À quelles évolutions majeures du marché IT vous attendez-vous après le déconfinement ?
Kevin Polizzi : On va assister à mon avis à une accélération de cette transformation digitale subie déclenchée par la crise. Cela va être une source de nouvelles opportunités pour le channel. Il va falloir pérenniser en contrats long terme tout ce qui a été mis en œuvre de façon provisoire dans le cadre du basculement général vers le télétravail. Je ne crois pas que les entreprises reviendront en arrière en ce domaine. Il faudra rationnaliser les outils permettant ce télétravail (en commençant par des connexions réseau) et les sécuriser.
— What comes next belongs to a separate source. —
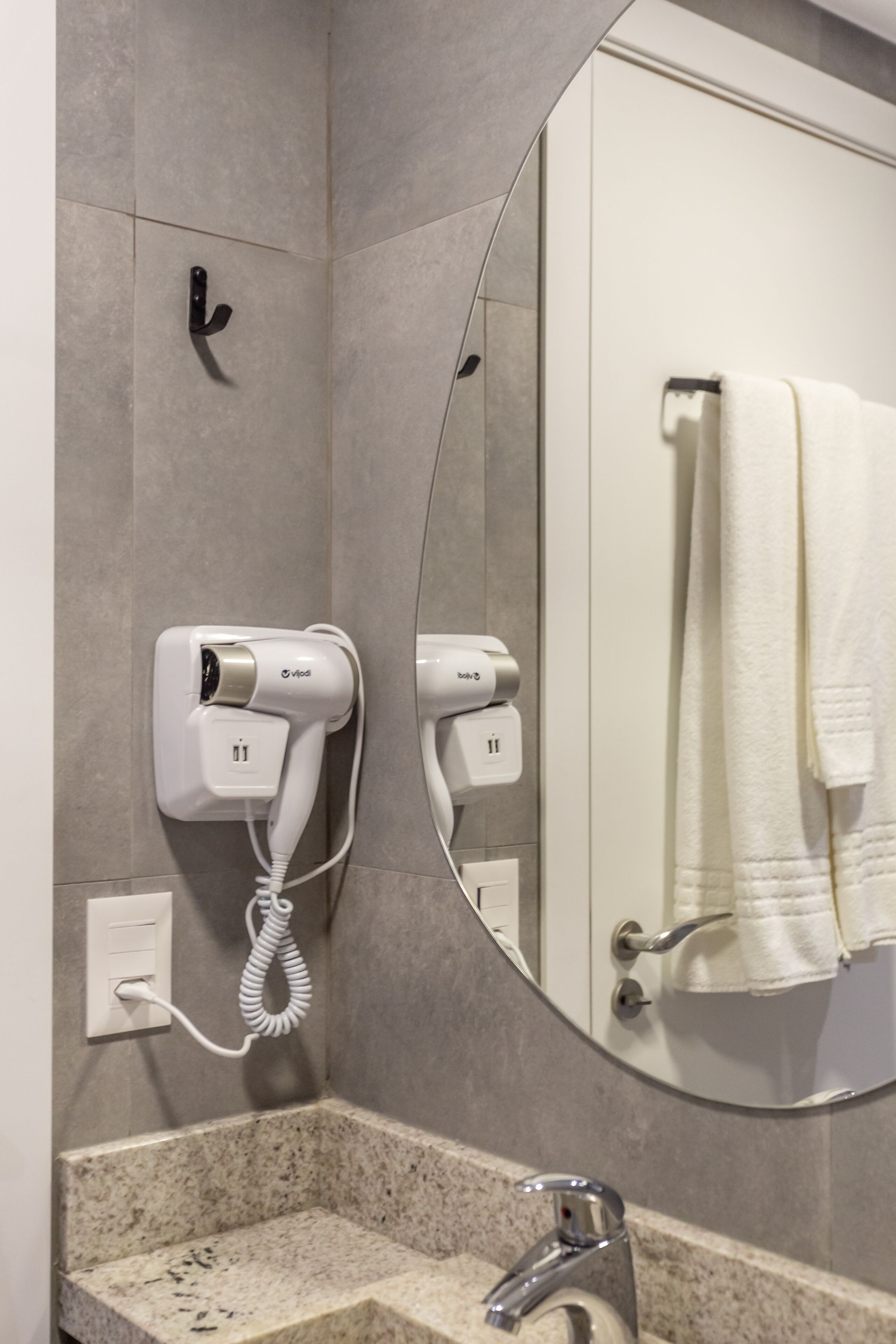 Ein Badezimmer mit Spiegel, Fön und Handtuchhalter.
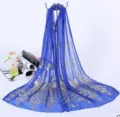 Royal blue sheer gauze scarf featuring elegant gold foil peacock feather prints for beach or daily wear. - Royal Blue Silk Scarf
Qui seront les gagnants de cette crise ?
Kevin Polizzi : Les grands vainqueurs sont clairement les Gafa. Il suffit de regarder leur cours de bourse. Chacun aura noté que pendant quasiment tout le confinement, les gens auront fait leurs courses sur Amazon. Leurs produits dématérialisés dans le Cloud et hautement évolutifs ont fait merveille. Ils nous donnent une véritable leçon de commerce. La grande question va être de savoir si l’on va être capable de faire naître les conditions réelles de la souveraineté numérique. On peut en douter. Il faudrait que l’État commence par se doter des moyens nécessaires à sa modernisation numérique. Or on ne peut que constater, par exemple, qu’il n’est toujours pas possible aujourd’hui de récupérer les 20% de TVA sur les frais de fonctionnement Cloud qu’il est pourtant possible d’obtenir sur les budgets d’investissements de matériels en local (serveurs, stockage).